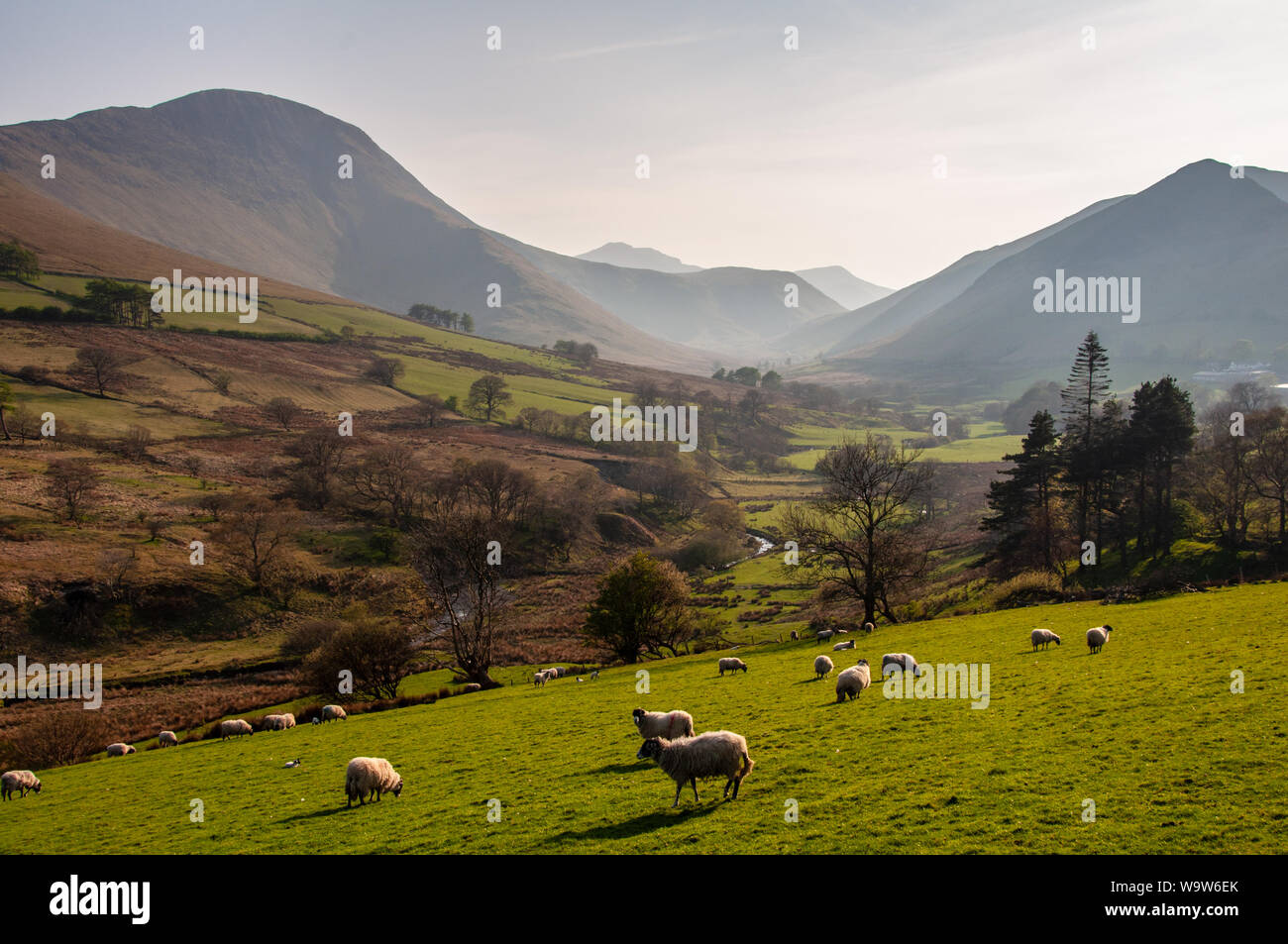 Moutons paissent sur les pâturages dans la vallée de Newlands sous les montagnes de l'Angleterre de la Lake District. Banque D'Images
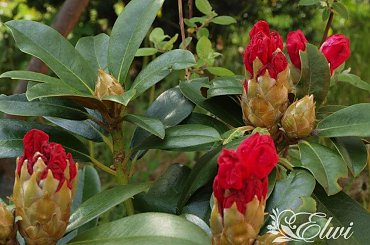 kwiaty maj #różanecznik #rhododendron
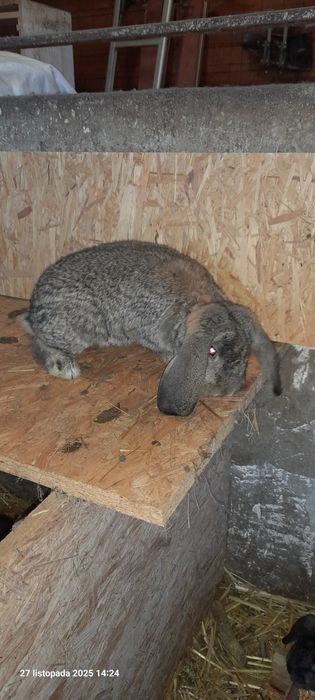 Sprzedam samiczki Baran Francuski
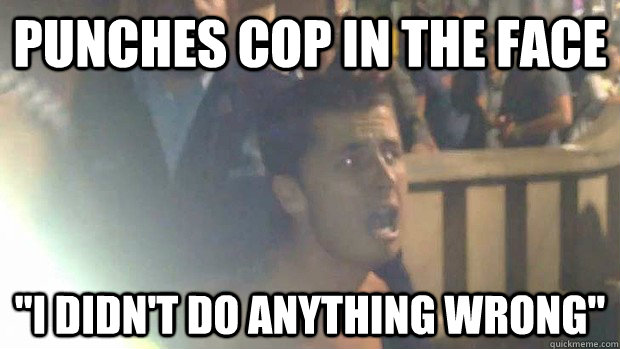 punches cop in the face i didnt do anything wrong -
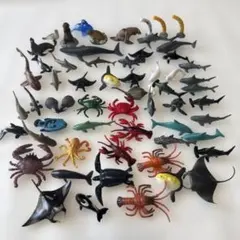 Item thumbnail for item 53f4fc02-8a68-4d72-a2f6-7ea9d91bd238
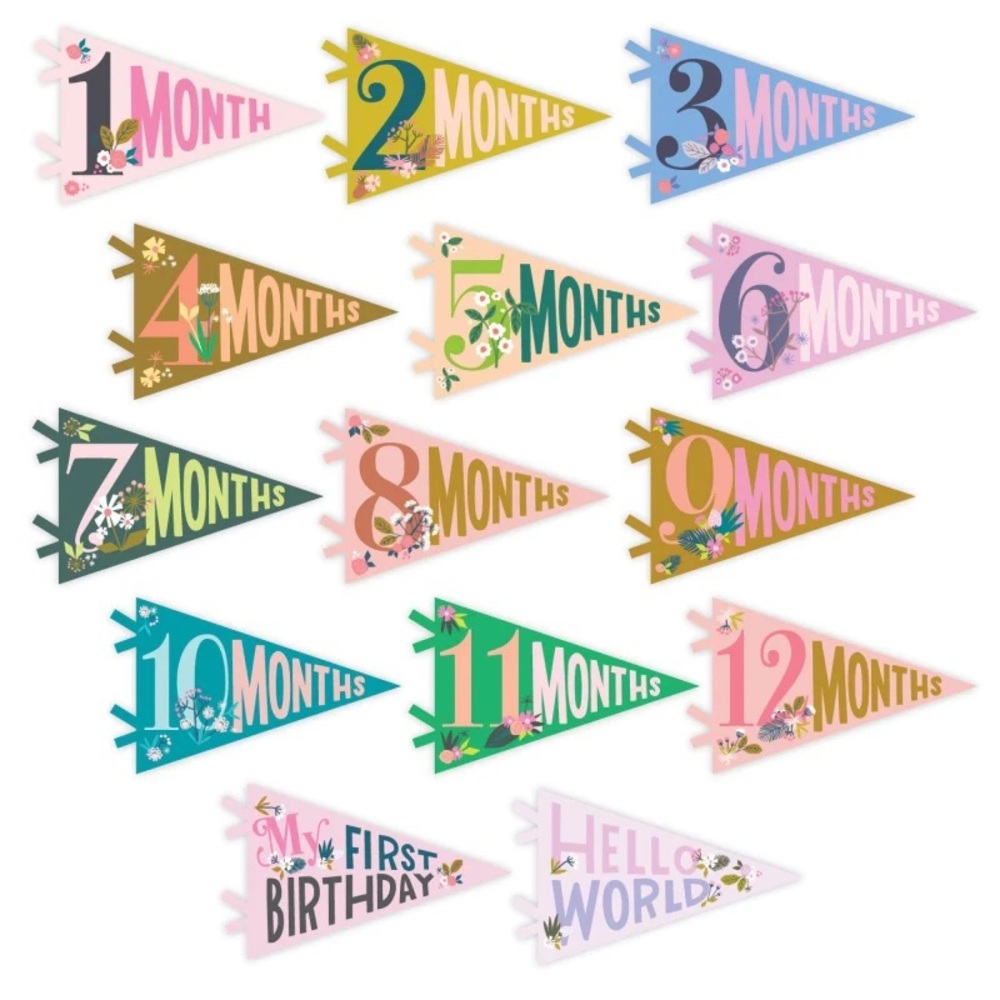 Lucy Darling Milestone Pennants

==================================================

ASSIGNED TASK | Copy out only the lines from the one containing "punches cop in" to the end of the entries, unchanged. Drop the pictures.

REPLY TO THE TASK |
 punches cop in the face i didnt do anything wrong -
 Item thumbnail for item 53f4fc02-8a68-4d72-a2f6-7ea9d91bd238
 Lucy Darling Milestone Pennants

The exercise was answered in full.